Lato tecnico, la Castrum cambierà totalmente identità. Con Luigi Ridolfi nel ruolo di direttore sportivo e Tonino Torti con molta probabilità in panchina, Paris rende noto di voler puntare molto sul reparto avanzato.
“La prima squadra sarà rivoluzionata a partire dalla panchina, stiamo vedendo alcuni allenatori, alcune figure importanti che fanno parte anche del mio passato da presidente nell’Avezzano e verrà cambiata soprattutto negli over. Ci sarà un undici con una panchina abbastanza lunga in grado soprattutto di far presente che a Silvi è cambiata l’aria, soprattutto con un attacco importante con un attacco che sia attacco già in panchina, quindi con i tre, quattro attaccanti che fanno parte del mio credo perché per ottenere qualcosa di importante deve avere un reparto offensivo importante“.
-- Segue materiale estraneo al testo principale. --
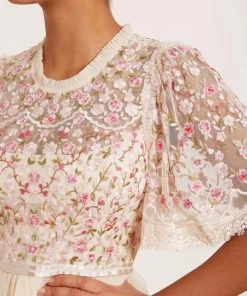 Needle & Thread Holding LTD Rosie Lace Bodice Short Sleeve Ankle Gown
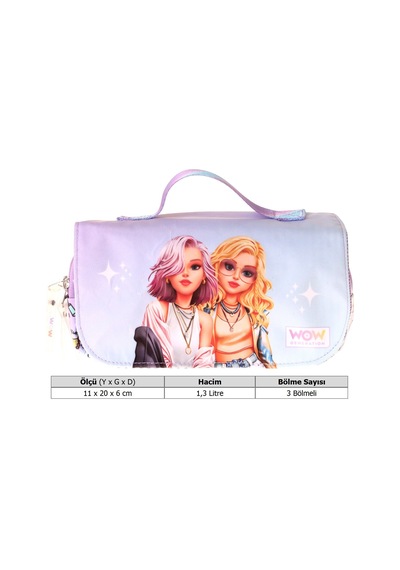 Wow Generation Taşıma Askılı Kız Çocuk Friends Baskılı Şık Kalem Çantası Pembe - W6056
Programmi diversi invece per il settore giovanile, su cui Paris adotterà però qualche piccola modifica.
“Nessuna rivoluzione sul settore giovanile perché il lavoro fatto finora è un lavoro di qualità, di crescita anno dopo anno e l’unica variazione avverrà con la Juniores perché cercherò ecco di far giocare la Juniores con lo stesso schema tattico della prima squadra e questo sicuramente sarà collegato al mister che siederà in panchina con l’undici che appunto svolgerà il campionato di Promozione“.
Un progetto vincente che deve espandersi anche nel sociale. L’avvocato marsicano spera infatti di poter avere l’appoggio di tifosi e imprenditori locali.
“Questa è quella più difficile perché svegliare i silvaroli e svegliare gli imprenditori della zona sarà proprio il mio obiettivo, però non con tanti proclami ma con il campo, con i risultati e poi da lì quando vedranno che fa un po’ freddo lì in alto allora probabilmente la città si renderà conto del progetto e della qualità che questa nuova società sta portando“.
Infine arrivano novità anche per la denominazione societaria: “Essere il presidente del Silvi mi fa piacere. Una cosa che ci tengo a dirti è che nell’ottica futura la squadra di calcio avrà una variazione della denominazione. Tornerà prevalente il nome di Silvi e Castrum sarà secondario. Lo lasceremo lo stesso perché credo che appunto questo sia il passaggio fondamentale per tutto il territorio .So bene la storia di Silvi che Castrum fa parte nell’identità comunale del nome della città però comunque credo che poi in fondo sentire parlare di Silvi Calcio è più semplice che sentir parlare di Castrum Silvi“.